GR L 13066; (April, 1958) (Digest)
G.R. No. L-13066; April 30, 1958
CONSUELO FA. ALVEAR, petitioner, vs. THE COMMISSION ON ELECTIONS, respondent.
FACTS
Petitioner Consuelo Fa. Alvear, a qualified candidate for Senator, filed her certificate of candidacy with the Commission on Elections (COMELEC) on August 13, 1957. On September 30, 1957, the COMELEC adopted a resolution requiring petitioner and other candidates to submit no less than 140,000 copies of their certificates of candidacy by October 21, 1957, and to defray the expenses for their distribution, under penalty of not having their candidacy given due course. Petitioner protested this resolution on October 14, 1957, branding it as arbitrary, discriminatory, and beyond the COMELEC’s legal power.
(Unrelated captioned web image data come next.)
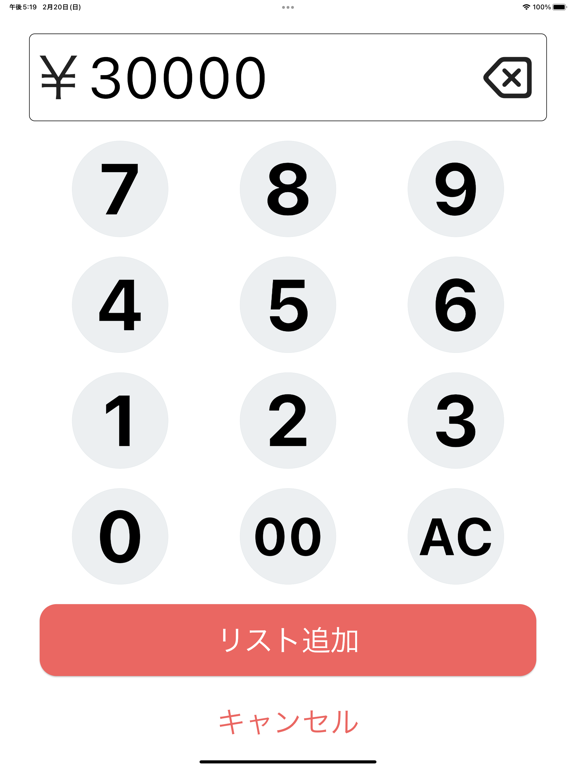 Capturas de pantalla de 給料明細 iPad 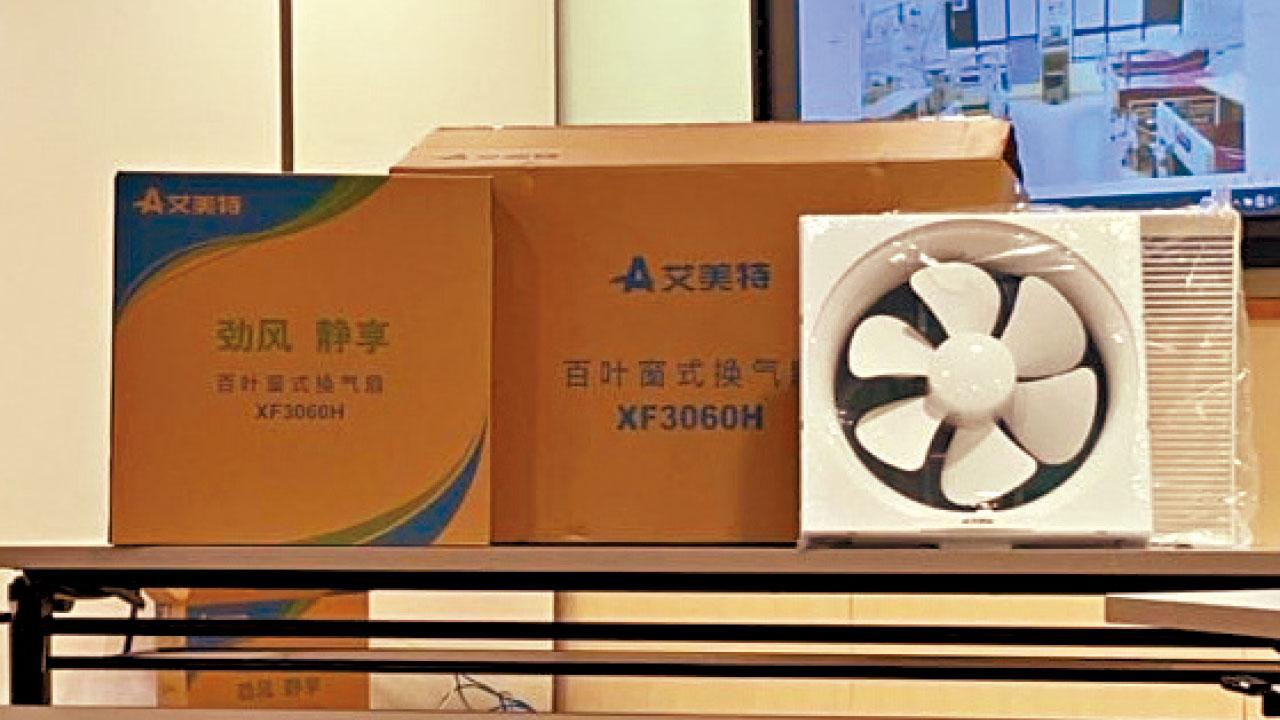 高價採購抽氣扇引非議 林鄭月娥：完全無參與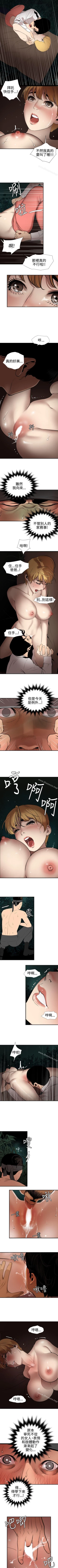 Page 412 of 欲求王 1-134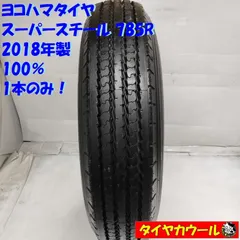 2025年最新】205/80R17.5の人気アイテム - メルカリ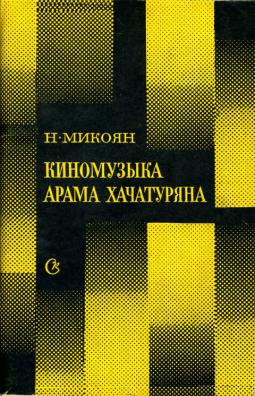 Файл:Хачатурян-1984.jpg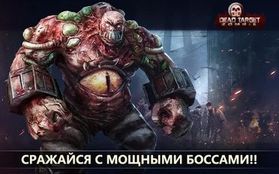  DEAD TARGET: Zombie     -  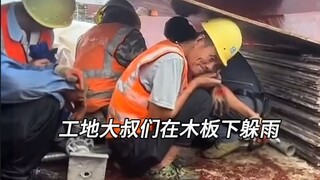 有的人光是活着，就已经用尽全力！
The COMELEC denied her protest on October 20, 1957. The COMELEC, in its defense, asserted it had discretionary power to not give due course to a certificate of candidacy if filed not in good faith, and that the resolution was adopted to protect public funds from candidates who might not file in good faith, as the printing and distribution for a senatorial candidate cost the government around P5,000.
ISSUE
Whether the COMELEC has the discretionary power to impose the condition of submitting and paying for 140,000 copies of a certificate of candidacy as a prerequisite for giving due course to a candidacy for Senator.
RULING
No. The COMELEC’s resolution is annulled. Under Section 36 of the Revised Election Code, a candidate for Senator is only required to furnish ten copies of the certificate of candidacy to the COMELEC. It is the express ministerial duty of the COMELEC to prepare and distribute the necessary copies to all election precincts. The Court, citing Abcede v. Imperial, held that the COMELEC has a ministerial duty to receive the certificate and, by implication, a ministerial duty to comply with the preparation and distribution mandate. The COMELEC’s concern about protecting public funds from candidates who may not file in good faith does not justify imposing additional requirements beyond the law. If the COMELEC believes the law imposes an unnecessary burden, the remedy is to seek an amendment from Congress, not to alter the law through its own resolution. This case is distinguished from Garcia v. Imperial, where the COMELEC properly exercised its discretion to prevent a candidacy filed in bad faith to create confusion among voters, a situation not present here. The writ of preliminary injunction is made permanent.